Note the date, June 2009. Before Evergreen's launch.

So the implication being that AMD has something "new and exciting" planned around the June 2010 timeframe. Or at least that was their timeline last year.

That could match up with Huddy's comments that he expects AMD to have the performance edge for "most of the year." IE - they'll lose it to Nvidia between the GF100 launch and whenever this "new and exciting" thing is launched. And are expecting to regain the performance crown with the "new" thing.

Now if only AMD would pull an Nvidia and start paper launching that product now so we could start speculating.

Regards,
SB

 

[Squilliam]

Now if only AMD would pull an Nvidia and start paper launching that product now so we could start speculating.

Regards,
SB

Think of the trees! They wouldn't chop down evergreens to satisfy our need for paper specifications would they?

 

[rpg.314]

Interesting tidbits from Anand's Evergreen piece.

The move from TSMC to Global Foundries will surely challenge them once more.

The Northern Islands GPUs, due out later this year, were surely designed before anyone knew how RV870 would play out.

Considering the way GF is pimping it's HKMG and is promising customers' announcements in Q1 2010, I am betting that NI will be on 28nm @ GF.

NI might have been designed before RV870 came to market, but my guess is that it's design process began after RV770's launch.

Seen in the light of TSMC->GF transition, it is a possibility that the rumored 5860, 5880, 5990 are on GF's 40nm process. This will help them get setup on the new foundry and then let them use the experience for NI, much like rv740 was a pipe-cleaner for evergreen.

 

[wishiknew]

Wonder if ATI will surprise us with small, big or Nvidia big for NI.

 

[Jawed]

If Carrell is this enthusiastic about sideport then I take that as an indication that he thinks AFR sucks.

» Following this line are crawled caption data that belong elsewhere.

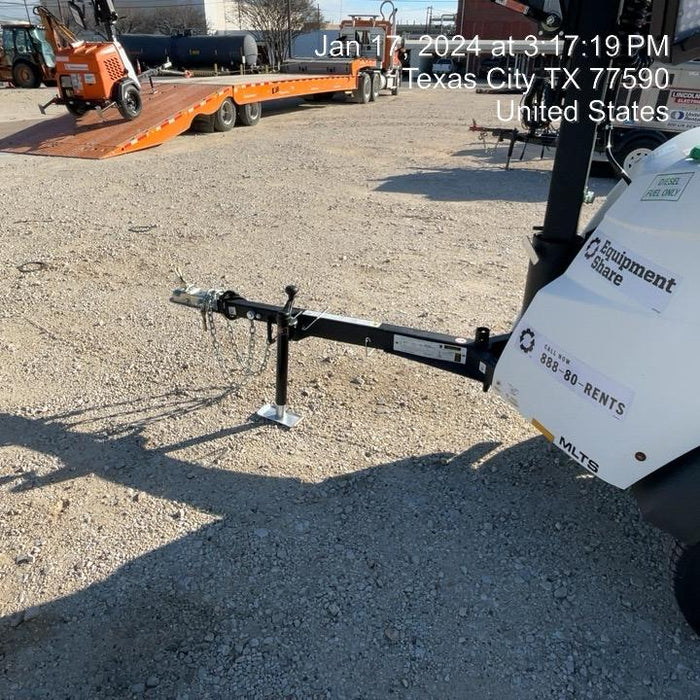 2023 Generac MLT2 Diesel, Flex Switch 120V Input, Powerzone Controller, 
(4) 320W LED Lights, 4kW Generator, 39.9 Gal Fuel Tank, 2" Ball, T3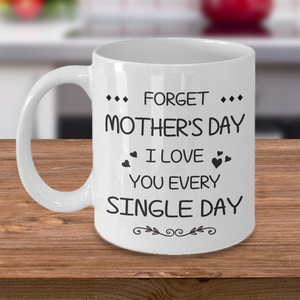 I Love My Mom Coffee Mug Funny 11oz Mothers Day Cup Best Gift For Mommy m36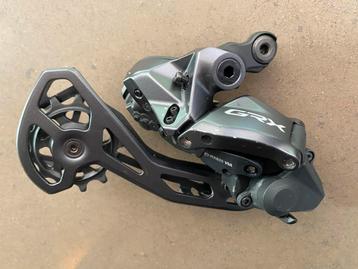 Shimano GRX 825 di2 12 speed achterderailleur beschikbaar voor biedingen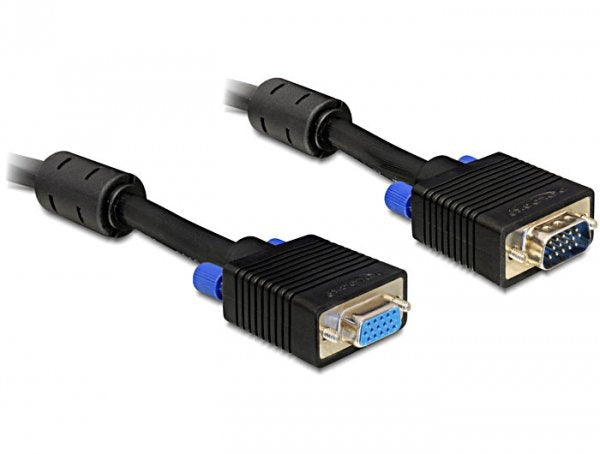 Delock Cable Extensión Svga 3M Macho-hembra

Of course it also means sideport/multi-chip discussions, silly as they've often been, have life in them.

Jawed

 

[Silent_Buddha]

If Carrell is this enthusiastic about sideport then I take that as an indication that he thinks AFR sucks.

I hope so, I hate Crossfire/SLI due to AFR, not the fact that it is multi-GPU. I still remain hopeful that multi-GPU will eventually be attractive to me, but as long as it remains AFR, it's a complete and total non-starter for me.

Regards,
SB

 

[JasonCross]

If Carrell is this enthusiastic about sideport then I take that as an indication that he thinks AFR sucks.

Of course it also means sideport/multi-chip discussions, silly as they've often been, have life in them.

Jawed

It's not that AFR "sucks" per se, just that it's rather limited. It works well only when you have two symmetric GPUs. Consider that forthcoming AMD CPUs are going to have integrated graphics, and they'd love to use that for a little extra boost to graphics performance when you're using a discrete GPU. You certainly can't do AFR when you have a 4x or 8x or greater performance difference between the two GPUs.

It wouldn't surprise me to see ATI invest quite a bit in new forms of mutli-GPU rendering over the coming year.